Of course, we now have the problem that the seasons are changing. We are about to move into the cyclone season. The real danger will occur if these people smugglers try to get people to Australia when they are in much more danger of being affected by the weather to the north of Australia. We all know the cyclone season goes for some time. It could put these people at even greater risk if they intend to put themselves in the situation that the 78 people on the Oceanic Viking find themselves in at present. Of course these are not people that were island hopping through Indonesia to try to get to Australia—they sailed directly from Sri Lanka to try to make their way through to Australia.

That is where the Rudd government, the Labor government of those opposite, have to really make sure that they do something about the policies that they are currently developing, because they are the government. It is all very well for Senator Furner and others to say, ‘What would you do?’ In fact from opposition we cannot do anything. We are not the government. It is the government’s responsibility and they are the only ones that can do anything about it. It is sad for me to see that the Prime Minister of the day has no solution in Indonesia or anywhere else to the border protection policy chaos that has been created by the Rudd government’s changes to immigration policy. There has been the dismantling of the Pacific solution, the abolition of temporary protection visas, the significant winding back of immigration detention policy, the abolition of detention debt, the abolition of the 45-day rule and changes to the citizenship test to make it easier to get citizenship. Yet those members opposite would try to say that they have not softened their attitude towards those who want to come to Australia as unauthorised arrivals.

The coalition’s record on border protection speaks for itself. It is well known to the Australian people and it is well known to the people smugglers. That is why people smuggling and unlawful arrivals ceased in the mid-2000s, because they were aware of our record on border protection. We in this place have been asking questions of Senator Evans and the Prime Minister in the other place all this week about their role in the Oceanic Viking fiasco and they have just been washing their hands of it. We have even got to the stage today where Senator Abetz had to ask Senator Evans, ‘Who is the minister responsible?’ Nobody wants to know, nobody wants to own your border protection policy because in fact it is a policy failure. I would not want to own it either. But that is the reason that we are in this situation today.
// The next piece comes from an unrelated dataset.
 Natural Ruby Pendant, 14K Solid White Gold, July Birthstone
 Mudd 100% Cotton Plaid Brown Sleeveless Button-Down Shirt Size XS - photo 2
Unless this government gets its act together, strengthens its border protection policy and makes some courageous decisions then we are going to see a continuance of people trying to find their way to Australia because they see we are a soft touch. As I said, right from the beginning I have been proud to be part of both a government and an opposition which has a very strong and orderly migration policy. That migration policy should not change. It should never be changed. We take our quota. We take the second-highest per head of population quota of refugees in the world. That is something we can be proud of, but it does not mean that we can have this willy-nilly dismantling of a strong border protection policy so that all the work that has put in over the last 15 or 20 years, which has been sensible work, is washed away because of a lack of concern by the current government in relation to people who will unlawfully arrive in this country.